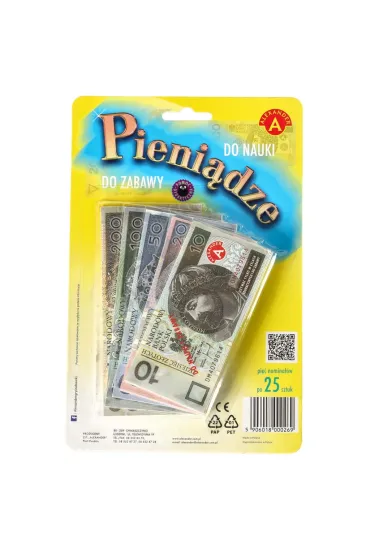 Pieni�dze Alexander
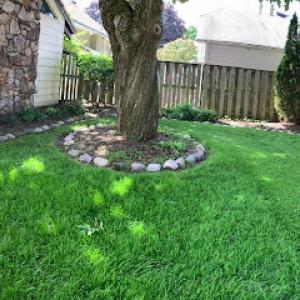 Mendez Landscaping & Lawn Care
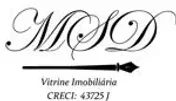 Logo da imobiliária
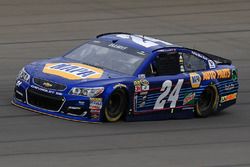 Chase Elliott, Hendrick Motorsports Chevrolet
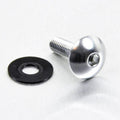 PROBO BOLT M6X1,00X20MM, SIL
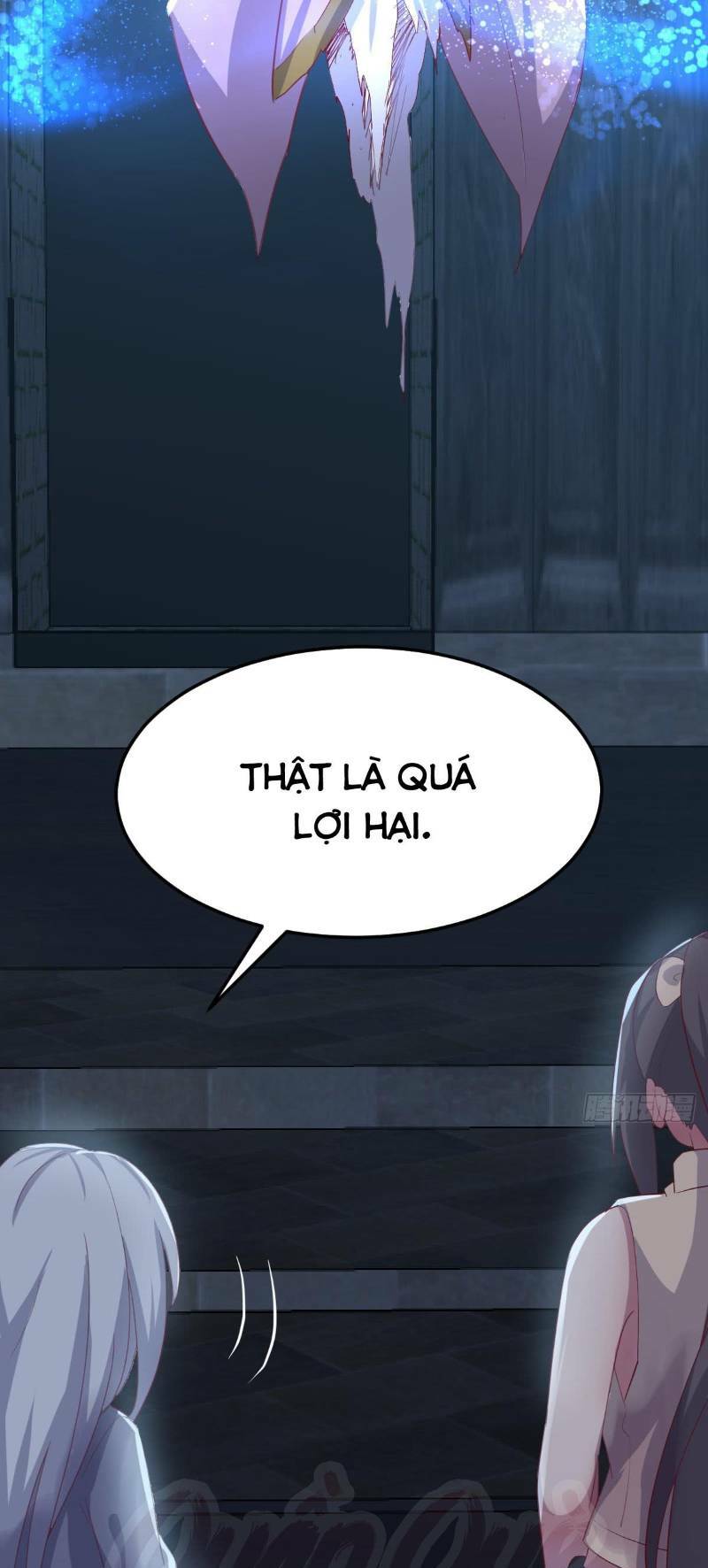 song tu đạo lữ kiểu xem mặt chapter 61 6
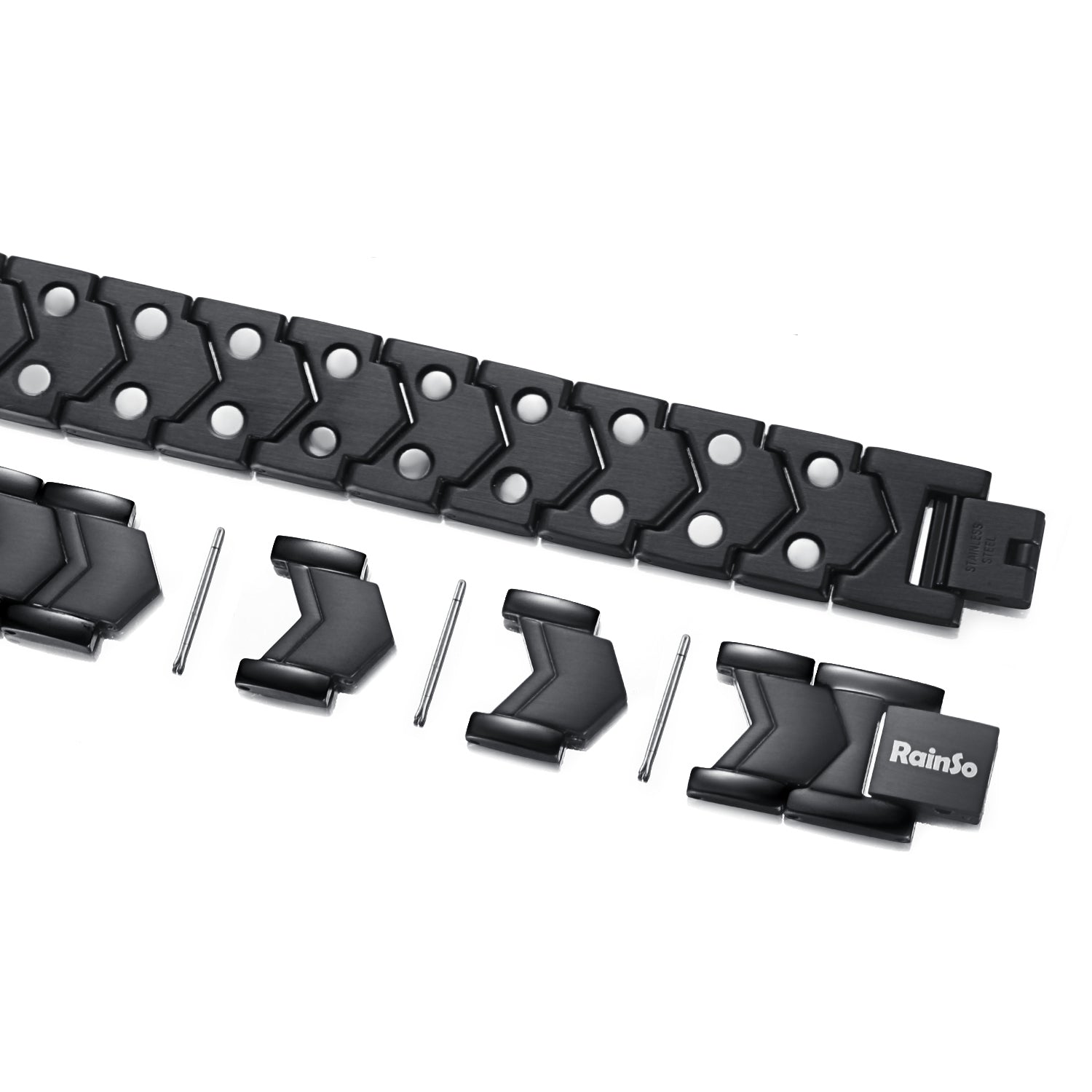 BunnyKachu energy stone bracelet-BUNNYKACHU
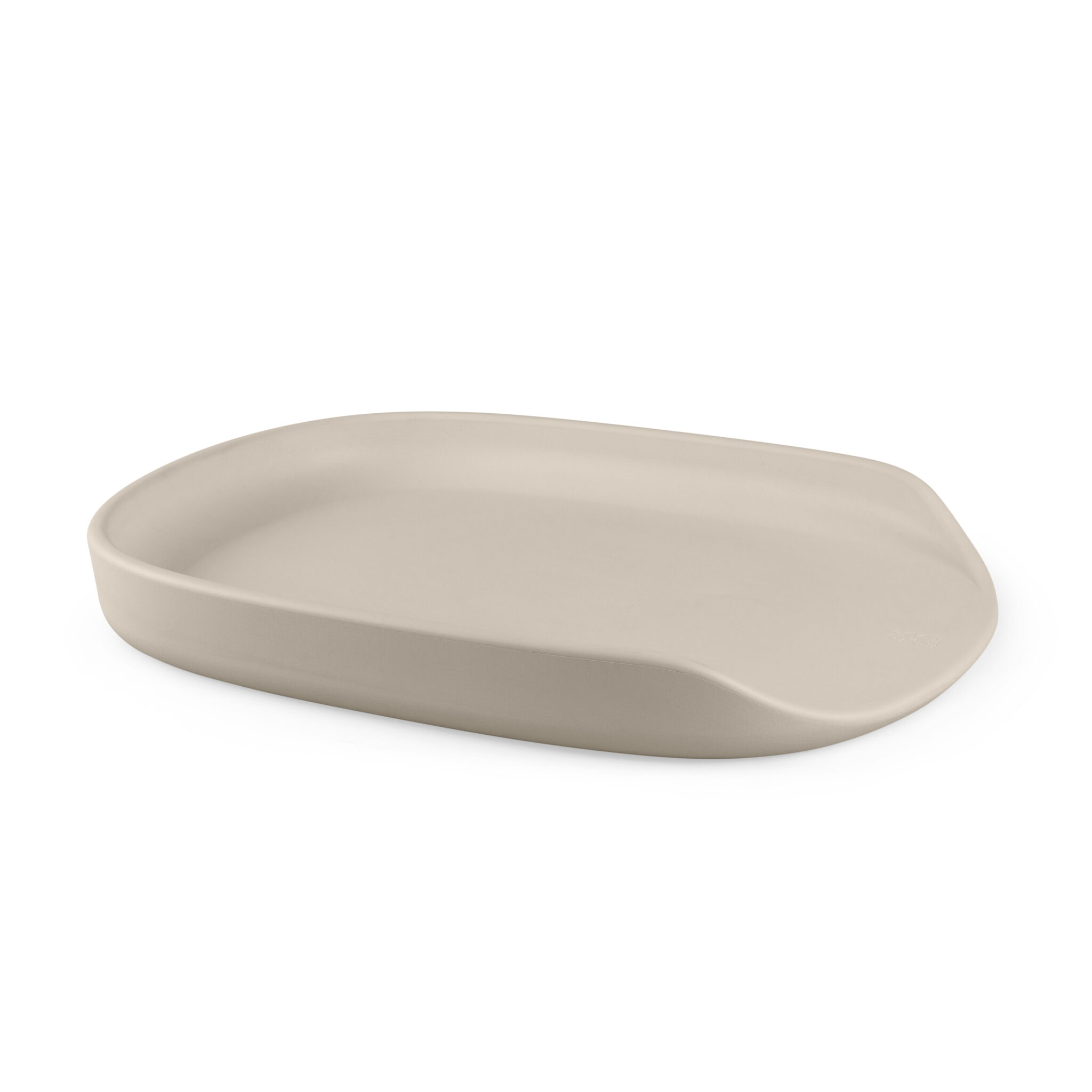 Sebra PUSLE PUR Wickelmatte, seabreeze beige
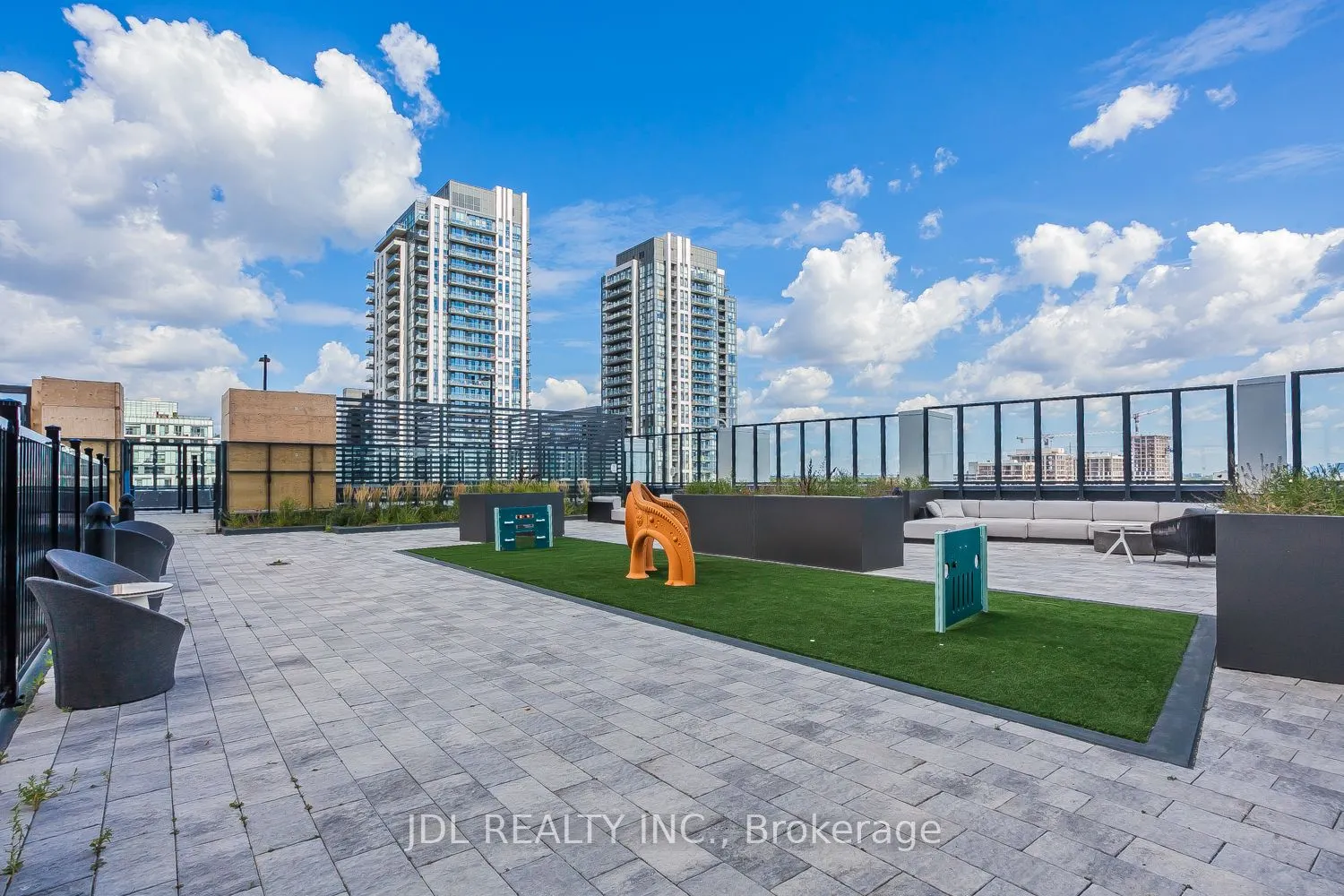 36 Zorra Street, #2809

▸ **TASK DESCRIPTION**:
Please print all the data above word for word. Pictures should not appear in the copy.

▸ **COMPLETED TASK**:
 Pieni�dze Alexander
 Mendez Landscaping & Lawn Care
 Logo da imobiliária
 Chase Elliott, Hendrick Motorsports Chevrolet
 PROBO BOLT M6X1,00X20MM, SIL
 song tu đạo lữ kiểu xem mặt chapter 61 6
 BunnyKachu energy stone bracelet-BUNNYKACHU
 Sebra PUSLE PUR Wickelmatte, seabreeze beige
 36 Zorra Street, #2809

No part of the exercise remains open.